=== TASK DATA ===

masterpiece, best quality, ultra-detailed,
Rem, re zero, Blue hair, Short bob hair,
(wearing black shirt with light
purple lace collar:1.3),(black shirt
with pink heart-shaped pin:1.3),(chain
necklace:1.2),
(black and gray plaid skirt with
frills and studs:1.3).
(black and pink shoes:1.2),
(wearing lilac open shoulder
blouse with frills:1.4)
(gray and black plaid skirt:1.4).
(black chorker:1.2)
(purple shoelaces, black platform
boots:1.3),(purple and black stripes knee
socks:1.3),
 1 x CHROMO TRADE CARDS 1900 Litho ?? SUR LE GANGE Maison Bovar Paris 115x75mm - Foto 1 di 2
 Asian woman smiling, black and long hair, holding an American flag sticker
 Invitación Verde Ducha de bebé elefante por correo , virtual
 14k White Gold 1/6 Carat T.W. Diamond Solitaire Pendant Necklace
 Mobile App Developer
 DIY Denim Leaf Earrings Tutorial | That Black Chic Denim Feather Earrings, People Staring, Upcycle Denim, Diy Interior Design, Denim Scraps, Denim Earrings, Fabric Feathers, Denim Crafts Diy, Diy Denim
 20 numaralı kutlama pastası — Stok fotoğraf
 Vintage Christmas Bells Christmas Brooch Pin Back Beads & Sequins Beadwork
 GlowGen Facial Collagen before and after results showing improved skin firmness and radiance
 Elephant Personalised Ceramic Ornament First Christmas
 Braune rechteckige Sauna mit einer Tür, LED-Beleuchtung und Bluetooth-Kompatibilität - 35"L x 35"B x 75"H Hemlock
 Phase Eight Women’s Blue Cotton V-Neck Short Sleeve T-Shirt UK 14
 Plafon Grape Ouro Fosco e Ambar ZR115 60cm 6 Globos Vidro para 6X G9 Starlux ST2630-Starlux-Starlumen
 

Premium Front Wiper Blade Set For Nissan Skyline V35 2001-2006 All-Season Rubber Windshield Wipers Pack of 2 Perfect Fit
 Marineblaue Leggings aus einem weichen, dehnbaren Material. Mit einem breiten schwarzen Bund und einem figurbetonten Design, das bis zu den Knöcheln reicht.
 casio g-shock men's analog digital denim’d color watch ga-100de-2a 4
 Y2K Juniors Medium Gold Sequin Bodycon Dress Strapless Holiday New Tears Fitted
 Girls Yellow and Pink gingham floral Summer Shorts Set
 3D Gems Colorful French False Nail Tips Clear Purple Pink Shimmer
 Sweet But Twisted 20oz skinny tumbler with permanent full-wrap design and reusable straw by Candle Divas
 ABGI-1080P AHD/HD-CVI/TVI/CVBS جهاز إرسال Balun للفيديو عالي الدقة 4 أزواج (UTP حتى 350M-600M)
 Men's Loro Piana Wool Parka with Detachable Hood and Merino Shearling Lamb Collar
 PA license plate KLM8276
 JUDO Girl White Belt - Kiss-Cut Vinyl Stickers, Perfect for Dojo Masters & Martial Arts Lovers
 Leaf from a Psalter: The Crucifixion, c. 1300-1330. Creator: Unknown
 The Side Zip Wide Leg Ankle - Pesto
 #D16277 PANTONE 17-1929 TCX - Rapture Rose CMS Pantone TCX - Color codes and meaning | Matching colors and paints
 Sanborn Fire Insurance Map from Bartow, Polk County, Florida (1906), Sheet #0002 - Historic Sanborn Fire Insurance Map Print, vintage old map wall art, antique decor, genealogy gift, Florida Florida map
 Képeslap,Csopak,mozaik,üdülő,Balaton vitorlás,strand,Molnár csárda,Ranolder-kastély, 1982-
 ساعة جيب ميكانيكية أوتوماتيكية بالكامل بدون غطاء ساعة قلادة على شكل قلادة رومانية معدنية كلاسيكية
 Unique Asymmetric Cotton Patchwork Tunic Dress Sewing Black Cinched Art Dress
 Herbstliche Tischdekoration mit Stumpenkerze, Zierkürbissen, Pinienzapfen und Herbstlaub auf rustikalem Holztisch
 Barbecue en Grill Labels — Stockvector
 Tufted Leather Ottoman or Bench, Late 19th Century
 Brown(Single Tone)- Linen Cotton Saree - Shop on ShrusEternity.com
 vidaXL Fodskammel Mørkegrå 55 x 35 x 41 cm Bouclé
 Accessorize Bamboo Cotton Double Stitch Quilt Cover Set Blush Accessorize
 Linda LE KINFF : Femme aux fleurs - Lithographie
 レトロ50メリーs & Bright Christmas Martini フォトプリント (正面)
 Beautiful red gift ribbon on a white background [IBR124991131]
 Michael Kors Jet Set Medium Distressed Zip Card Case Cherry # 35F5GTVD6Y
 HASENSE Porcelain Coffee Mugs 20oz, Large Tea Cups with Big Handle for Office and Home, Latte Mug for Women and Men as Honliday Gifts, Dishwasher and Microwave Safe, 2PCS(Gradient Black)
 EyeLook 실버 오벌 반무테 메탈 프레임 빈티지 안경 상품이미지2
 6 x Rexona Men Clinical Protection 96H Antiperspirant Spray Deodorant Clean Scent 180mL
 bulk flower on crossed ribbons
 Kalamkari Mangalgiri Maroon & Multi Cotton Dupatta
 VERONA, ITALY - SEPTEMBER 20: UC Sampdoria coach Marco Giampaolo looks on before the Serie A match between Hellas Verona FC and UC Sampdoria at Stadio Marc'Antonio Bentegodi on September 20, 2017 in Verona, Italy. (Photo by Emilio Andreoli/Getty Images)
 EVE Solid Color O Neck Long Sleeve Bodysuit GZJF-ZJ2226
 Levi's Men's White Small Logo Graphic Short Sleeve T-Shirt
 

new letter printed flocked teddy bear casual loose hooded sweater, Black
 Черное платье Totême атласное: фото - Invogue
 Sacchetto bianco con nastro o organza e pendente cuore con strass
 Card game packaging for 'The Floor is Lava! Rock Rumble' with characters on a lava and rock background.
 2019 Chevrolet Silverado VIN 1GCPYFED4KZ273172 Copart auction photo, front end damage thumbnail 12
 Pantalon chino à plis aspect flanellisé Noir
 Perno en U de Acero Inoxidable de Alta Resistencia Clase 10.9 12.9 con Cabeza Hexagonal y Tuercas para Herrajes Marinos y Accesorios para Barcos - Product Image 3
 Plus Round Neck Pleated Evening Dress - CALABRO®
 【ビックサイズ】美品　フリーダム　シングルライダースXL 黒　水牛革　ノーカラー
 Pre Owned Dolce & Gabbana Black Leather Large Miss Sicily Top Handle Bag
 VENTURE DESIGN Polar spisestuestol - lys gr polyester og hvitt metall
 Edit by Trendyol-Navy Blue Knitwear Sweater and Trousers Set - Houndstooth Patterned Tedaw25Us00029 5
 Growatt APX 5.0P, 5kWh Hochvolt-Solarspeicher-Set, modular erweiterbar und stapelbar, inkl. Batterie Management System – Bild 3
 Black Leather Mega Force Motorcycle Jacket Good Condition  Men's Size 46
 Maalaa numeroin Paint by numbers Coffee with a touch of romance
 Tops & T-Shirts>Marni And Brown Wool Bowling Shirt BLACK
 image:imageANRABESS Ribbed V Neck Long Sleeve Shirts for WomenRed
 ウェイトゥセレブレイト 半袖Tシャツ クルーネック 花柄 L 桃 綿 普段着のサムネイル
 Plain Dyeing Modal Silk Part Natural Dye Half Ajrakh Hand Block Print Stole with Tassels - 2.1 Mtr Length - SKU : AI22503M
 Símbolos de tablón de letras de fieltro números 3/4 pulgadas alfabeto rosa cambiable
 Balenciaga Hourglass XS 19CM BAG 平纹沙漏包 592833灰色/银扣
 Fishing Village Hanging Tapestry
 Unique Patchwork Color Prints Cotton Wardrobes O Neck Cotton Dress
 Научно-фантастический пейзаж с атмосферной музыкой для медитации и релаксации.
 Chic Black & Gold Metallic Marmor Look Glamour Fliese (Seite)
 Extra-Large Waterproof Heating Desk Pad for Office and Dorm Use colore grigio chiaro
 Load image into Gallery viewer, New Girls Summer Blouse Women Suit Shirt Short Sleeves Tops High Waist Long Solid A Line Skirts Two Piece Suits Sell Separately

===

WORK INSTRUCTIONS: For the string "Solid", count every line of the material where it appears and state only the count.

EXERCISE SOLUTION: 2